It was sooo good. Everybody loved it. I have tried many taco soup recipes and I think this one was the best. I did make adaptions though, so below is my version of it:
- 1 pounds ground beef
- 2 cups diced onions
- 1 (15 1/2-ounce) cans pinto beans
- 1 (15 1/2-ounce) can pink kidney beans
- 1 (15 1/4-ounce) can whole kernel corn, drained
- 1 (14 1/2-ounce) can diced tomatoes
- 1 (14 1/2-ounce) can diced tomatoes with chiles
- 1 (4 1/2-ounce) cans diced green chilies*
- 1 package taco seasoning mix
- 1 (1-ounce) package ranch salad dressing mix
- 2/3 of a can of chicken stock (this adds flavor as well as makes it more soupy)

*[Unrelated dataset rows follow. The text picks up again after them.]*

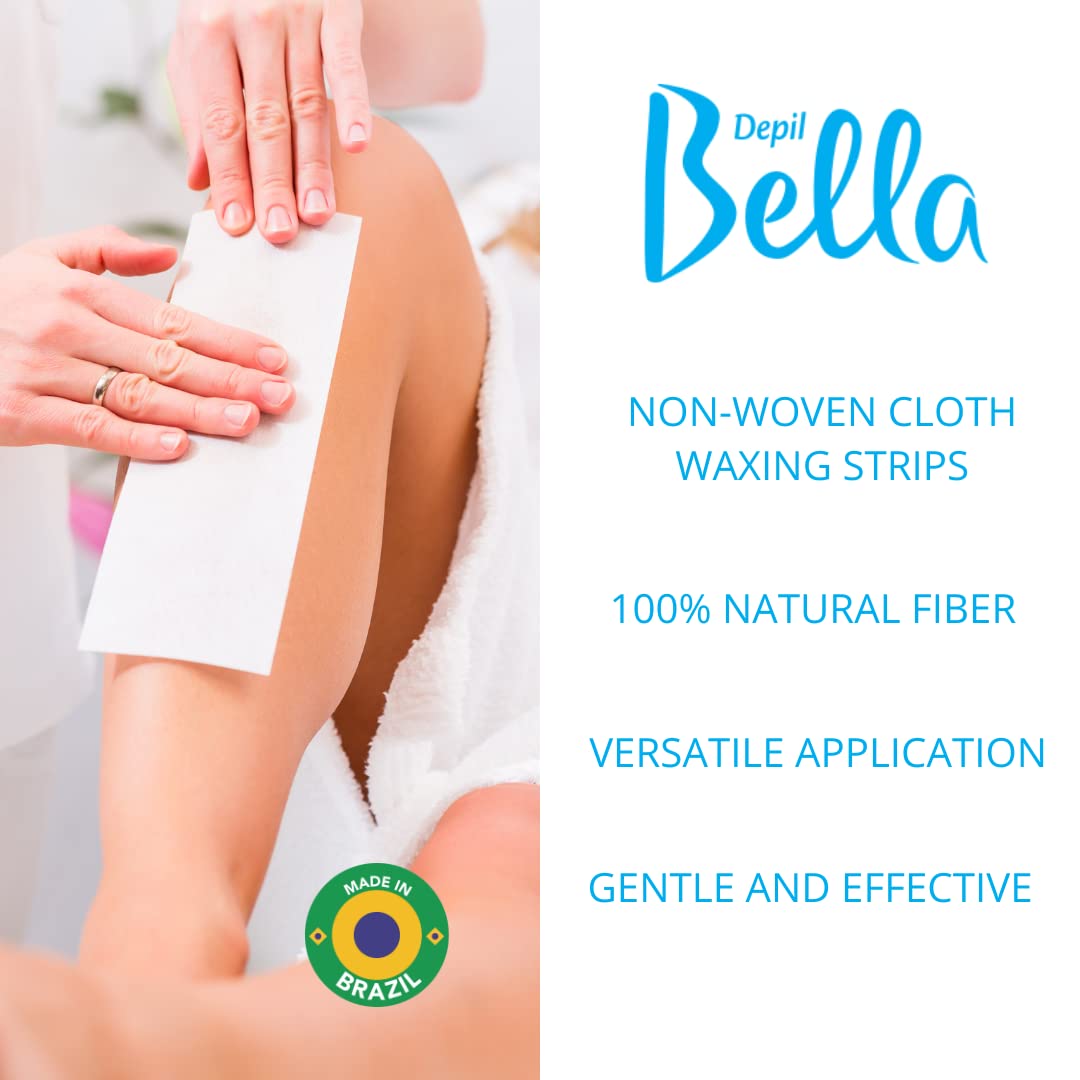 Depil Bella Non-Woven Cloth Waxing Strips - 100% Natural Fiber - For Hair Removal at Home and Professional Use (100 Strips) Beauty and Personal Care DEPIL BELLA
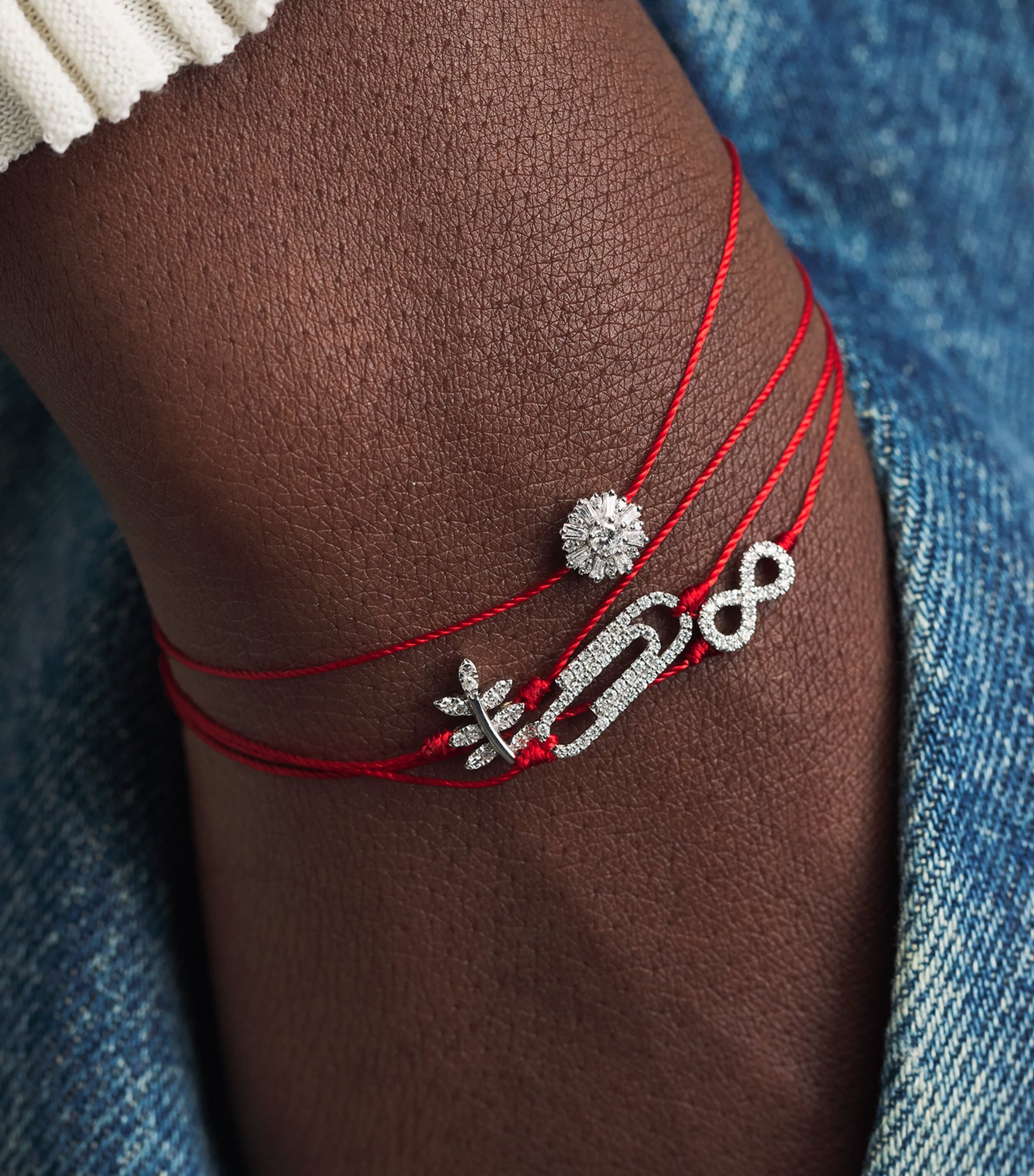 Redline White Gold and Diamond Bagatelle Bracelet Red Image 3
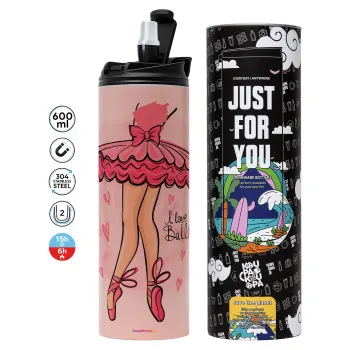 I Love Ballet, Tumbler stainless steel PINK 600ml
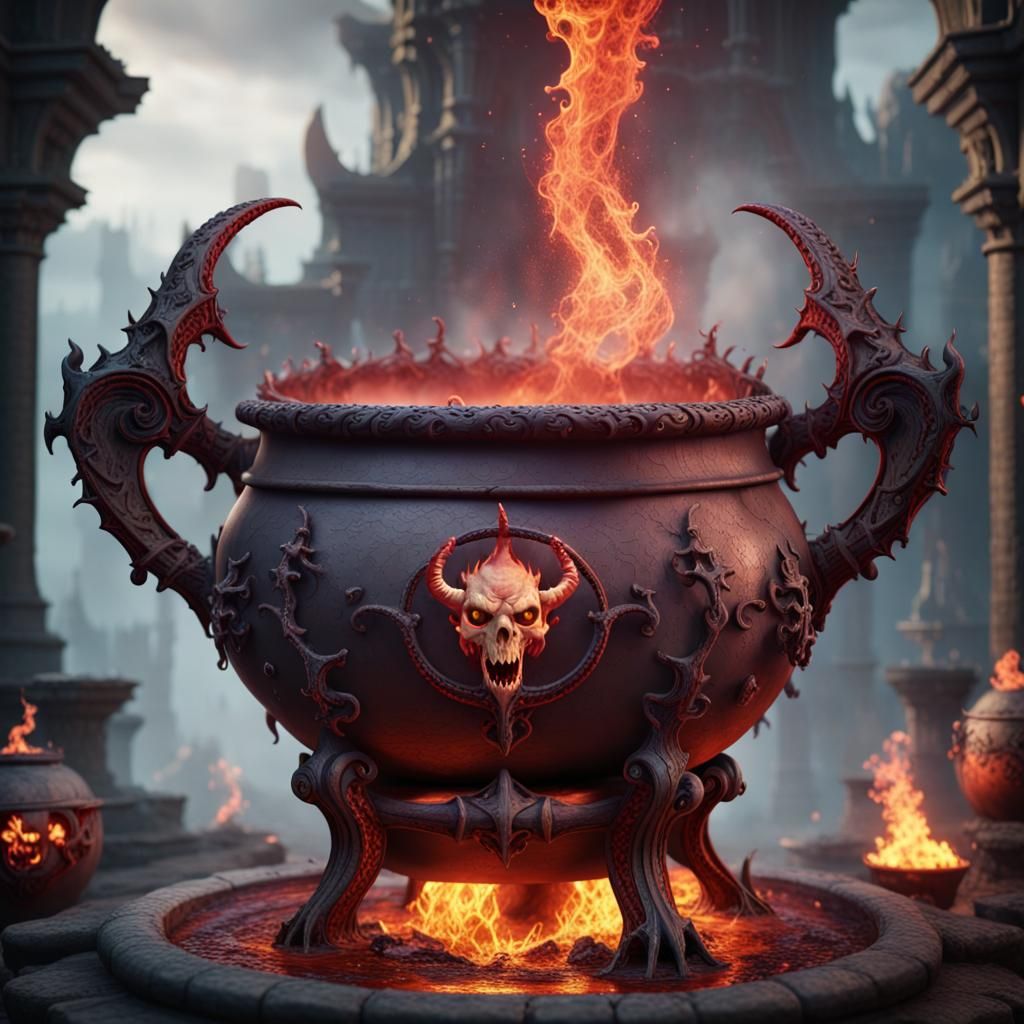 Demonic Cauldron: Detailed Matte Painting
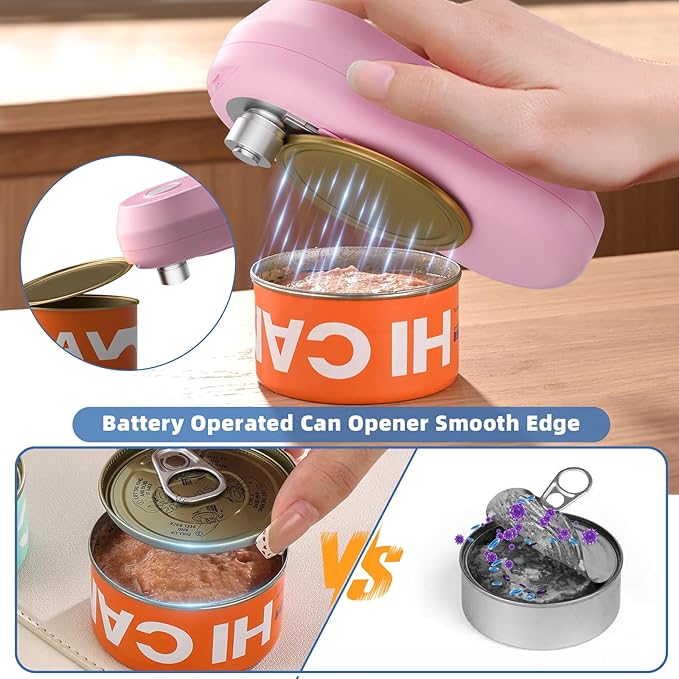 Auto Electric Can Opener, Rechargeable Can Openers for Seniors & Arthritis, One-Touch Automatic Can Opener, Hands-Free, Smooth Edge, Compact,Small - Auto Stop，Pink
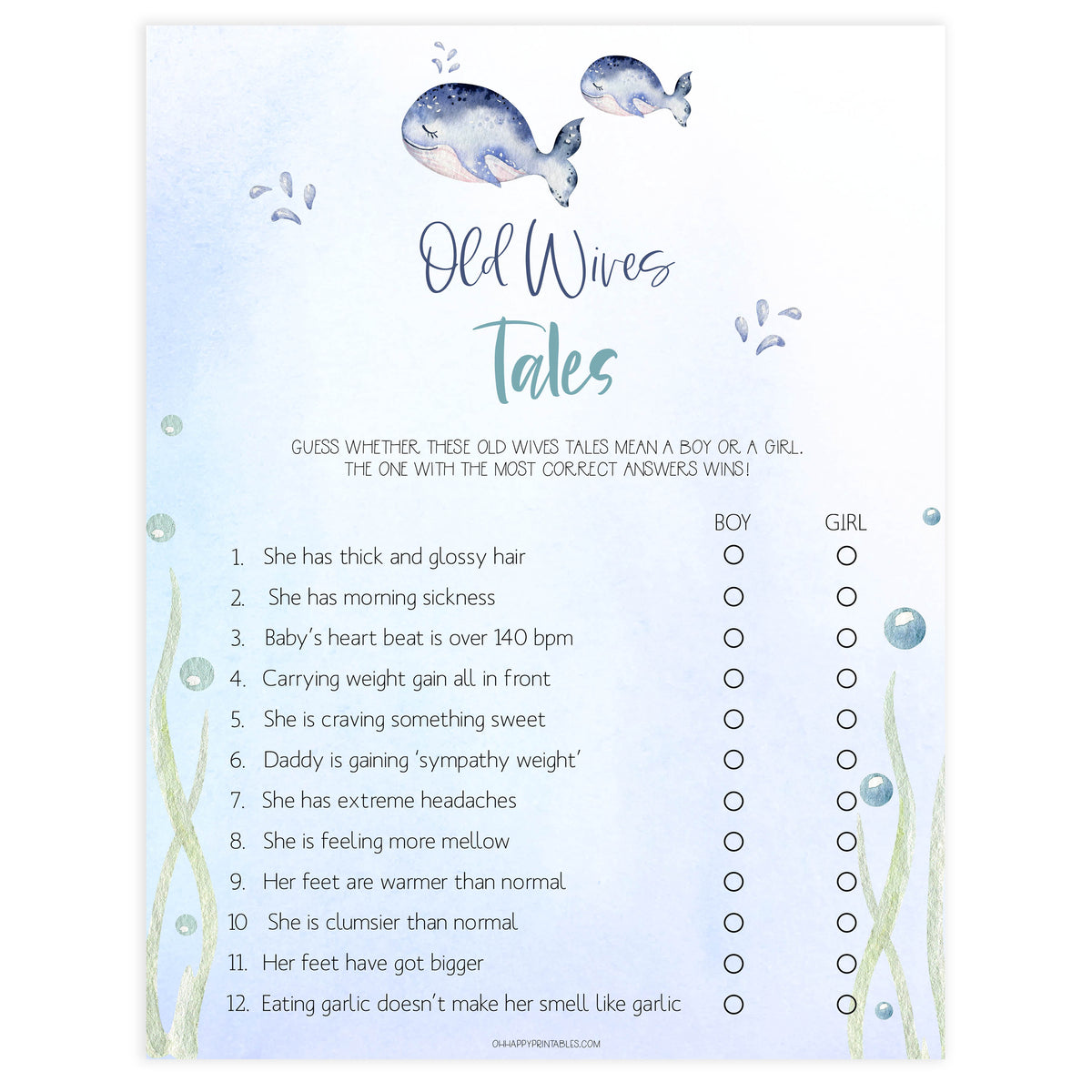 Old Wives Tales Game - Whale Printable Baby Shower Games – OhHappyPrintables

- Crackers or tortilla chips, for serving
- Sour cream, for garnish
- Grated cheese, for garnish
I actually halved the original recipe to the best of my ability so if you want to make the full amount you would have to adjust the amounts of beef, beans, tomatos, chilies, and chicken stock (refer to the original recipe for this).
Cook the beef and add some of your taco seasoning to it while it cooks. Then add everything to a crock pot, including the rest of the taco seasoning. Cook on low for at least 8 hours.
*I usually make this with green chiles and either put a few diced jalapenos in or put them in a bowl for others to add in on their own. When I made this the other day, I taste tested it and thought it was more spicy than usual. So I warned my mother in law about it. She tasted it and thought it was awesome but as she noticed how spicy it was too. When everyone noticed it, we discussed what would be making the soup so spicy. I was clueless at what it could be as diced chilies are not that spicy. Come to find out the can of green chilies I used was actually a can of diced jalapenos. And I used the whole can. Needles to say, everyone that loved hot food was happy I did it. My mother in law loved the soup but was only able to eat so much of it. I think if we ever had more people present for dinner, I would make a full recipe and do half with green chilies and half with the jalapenos.
Tip: This soup freezes really well. So make room in your freezer and cook extra.